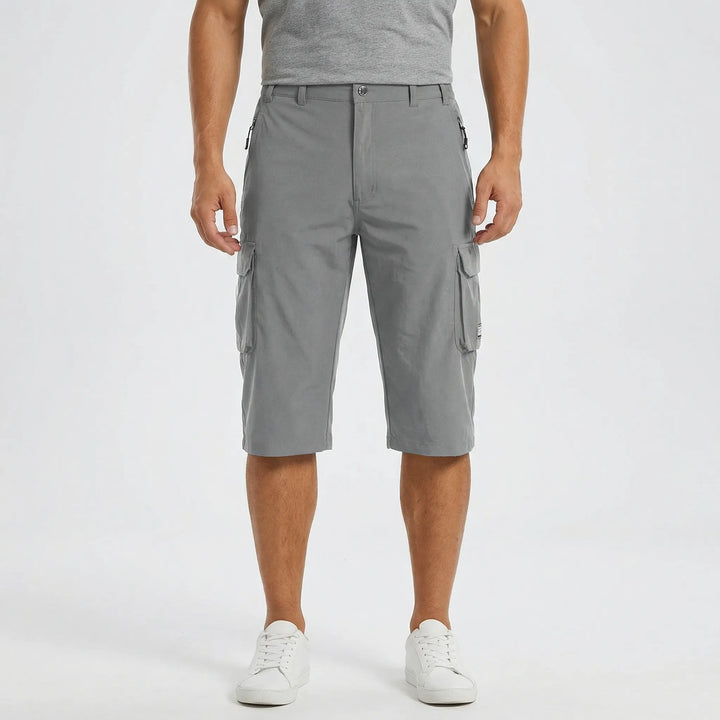 Men's multi-pocket cargo shorts, comfortable and quick-drying for active lifestyles.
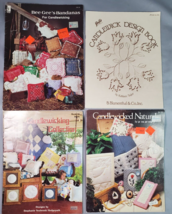 Candlewicking Embroidery 1980s Lot of 4 Pattern Leaflets Booklets Pioneer Craft - £13.28 GBP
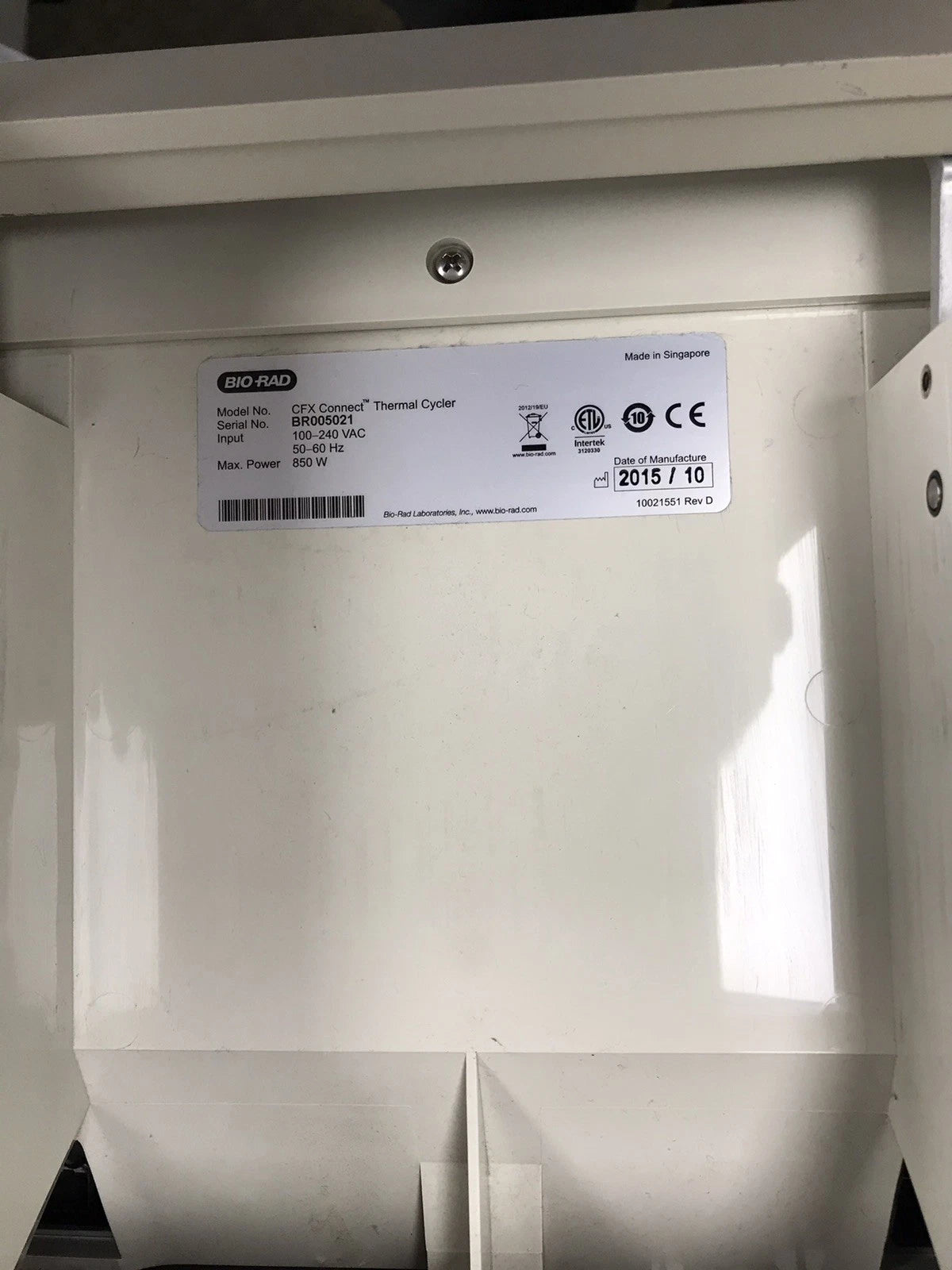 Bio Rad CFX Connect Optics Module Thermal Cycler Real-Time PCR Detection System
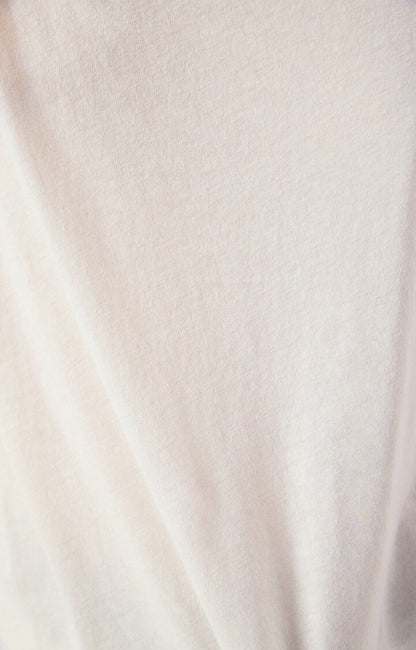 Women's T-Shirt Fine Cotton -  Boat Neck Raglan Sleeves Ecru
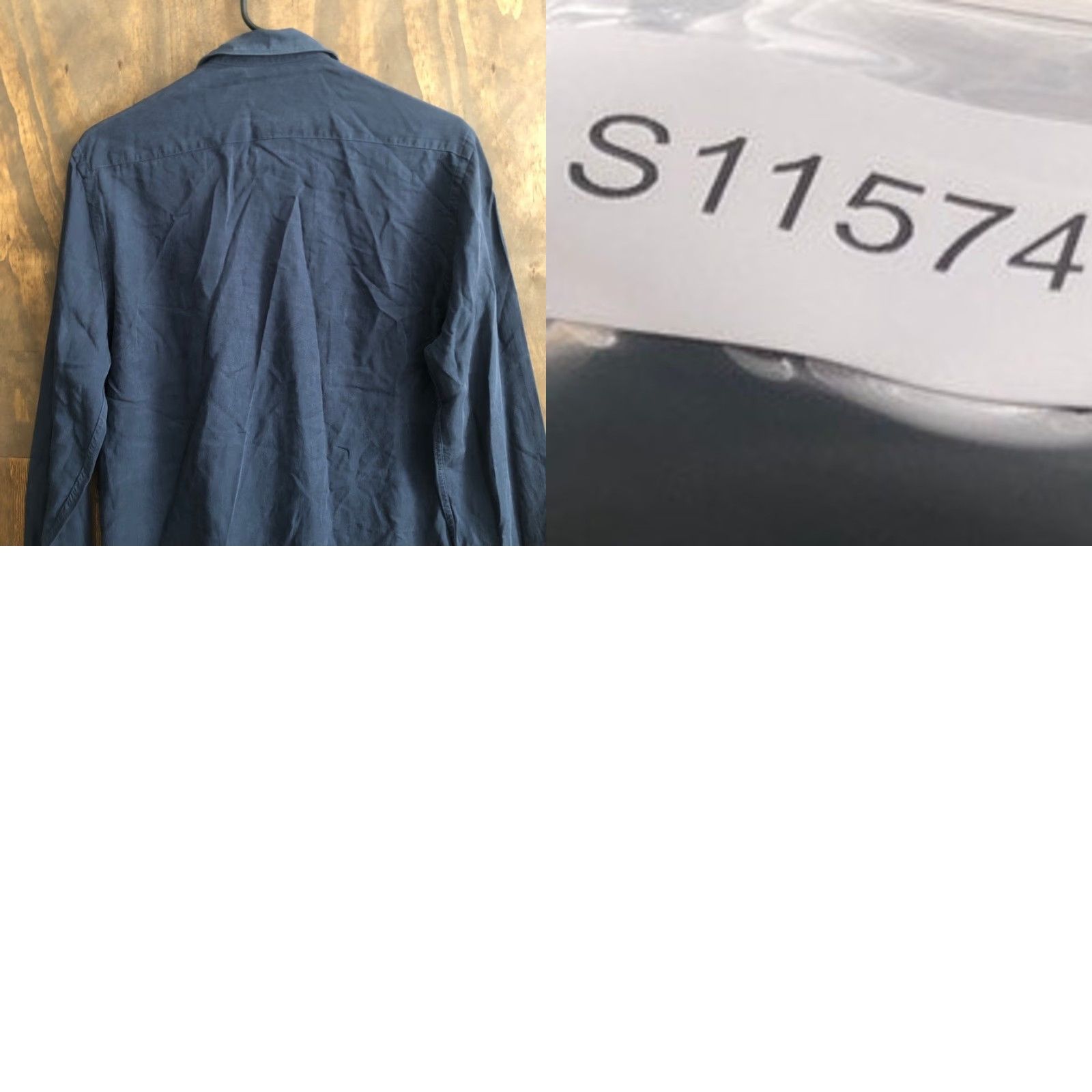 Zara ZARA Men Shirt Blue Relaxed Fit Button-Up 100% Lyocell Long Sleeve Small Shirt Mens Size US S / EU 44-46 / 1 - 9 Thumbnail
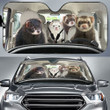 Ferret Family Car Sunshade - TG0921QA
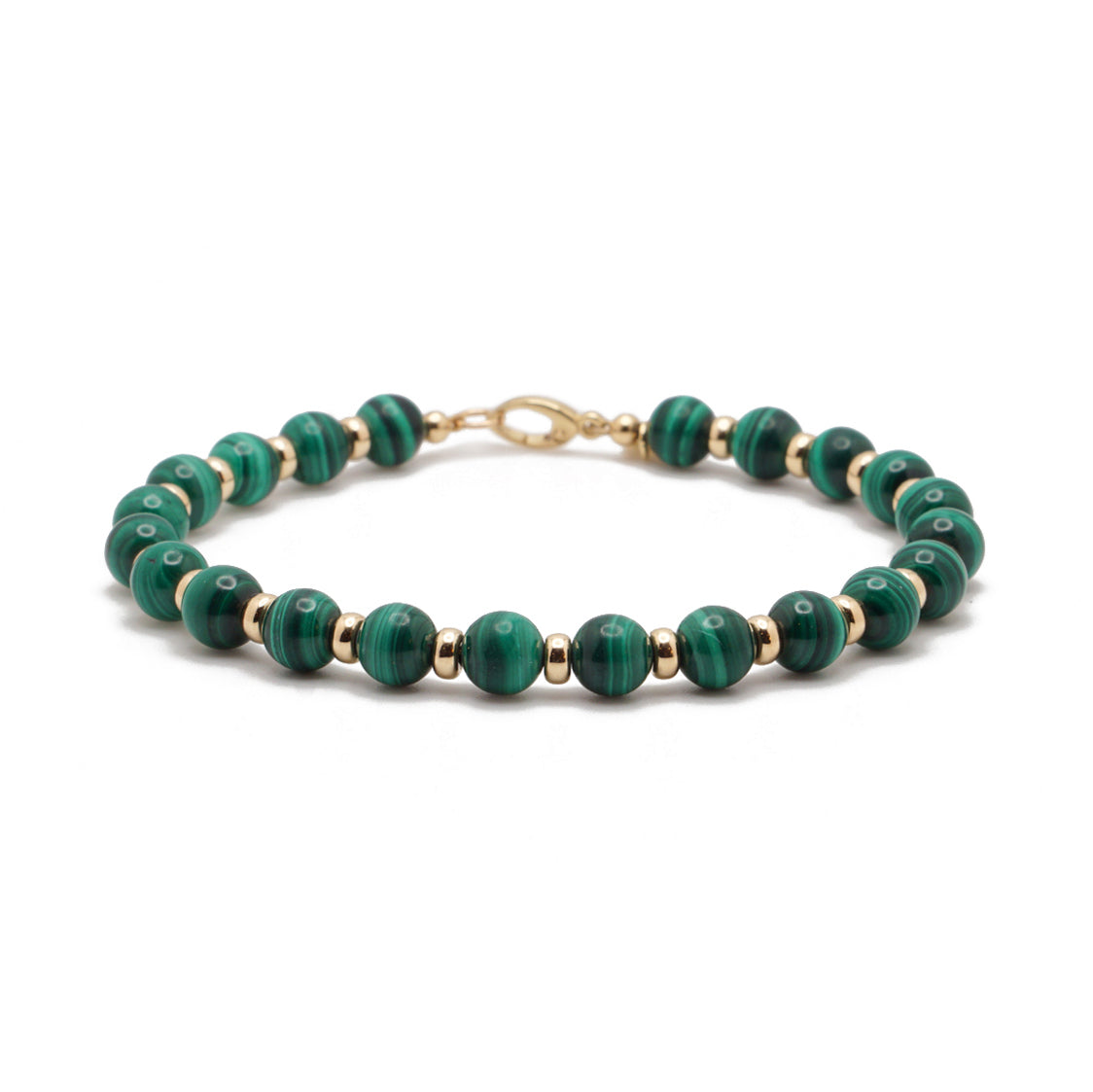 Atlas Bracelet | Malachite & 14K Gold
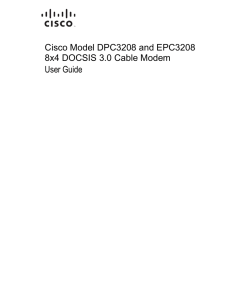 Cisco Model DPC3208 and EPC3208 8x4 DOCSIS 3.0 Cable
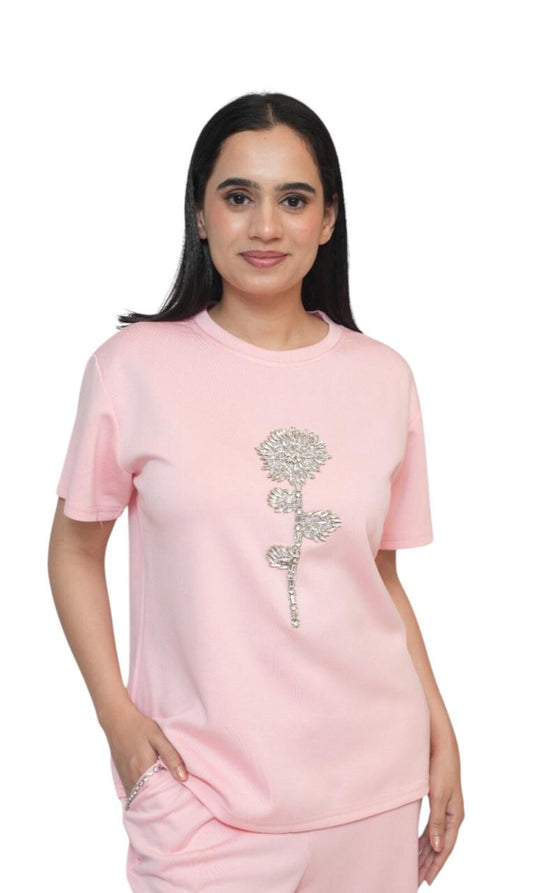 Crystal Cut Flower Co-ord Set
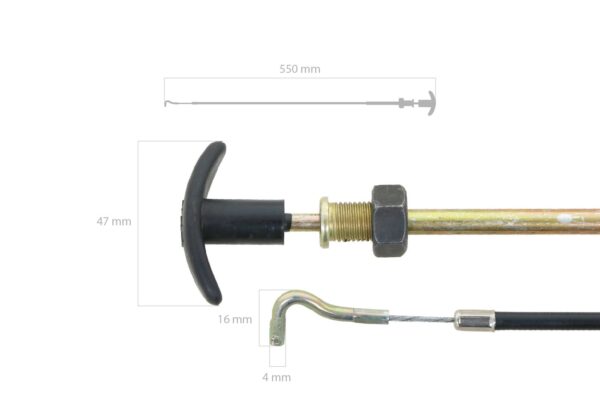 Câble d'arrêt Iseki TU, TS, TL, TE – Image 4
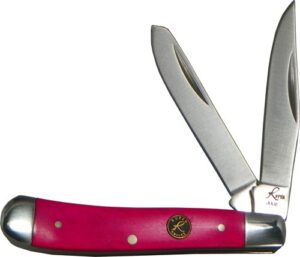 ABKT Roper Pink Sky 2-Blade Pocket Knife - Pink Bone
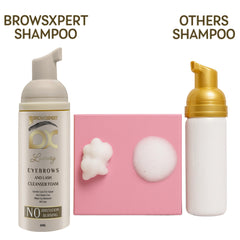 Brows Xpert professional-home-use foaming cleanser supports hygienic brow prep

++++++

= Exercise description =
Could every line above be set down exactly, with the pictures omitted?

= Expected answer =
 Men's multi-pocket cargo shorts, comfortable and quick-drying for active lifestyles.
 Candlewicking Embroidery 1980s Lot of 4 Pattern Leaflets Booklets Pioneer Craft - £13.28 GBP
 Bio Rad CFX Connect Optics Module Thermal Cycler Real-Time PCR Detection System
 Women's T-Shirt Fine Cotton -  Boat Neck Raglan Sleeves Ecru
 Zara ZARA Men Shirt Blue Relaxed Fit Button-Up 100% Lyocell Long Sleeve Small Shirt Mens Size US S / EU 44-46 / 1 - 9 Thumbnail
 Ferret Family Car Sunshade - TG0921QA
 Atlas Bracelet | Malachite & 14K Gold
 Cisco Model DPC3208 and EPC3208 8x4 DOCSIS 3.0 Cable
 Crystal Cut Flower Co-ord Set
 Câble d'arrêt Iseki TU, TS, TL, TE – Image 4
 ABKT Roper Pink Sky 2-Blade Pocket Knife - Pink Bone
 Brows Xpert professional-home-use foaming cleanser supports hygienic brow prep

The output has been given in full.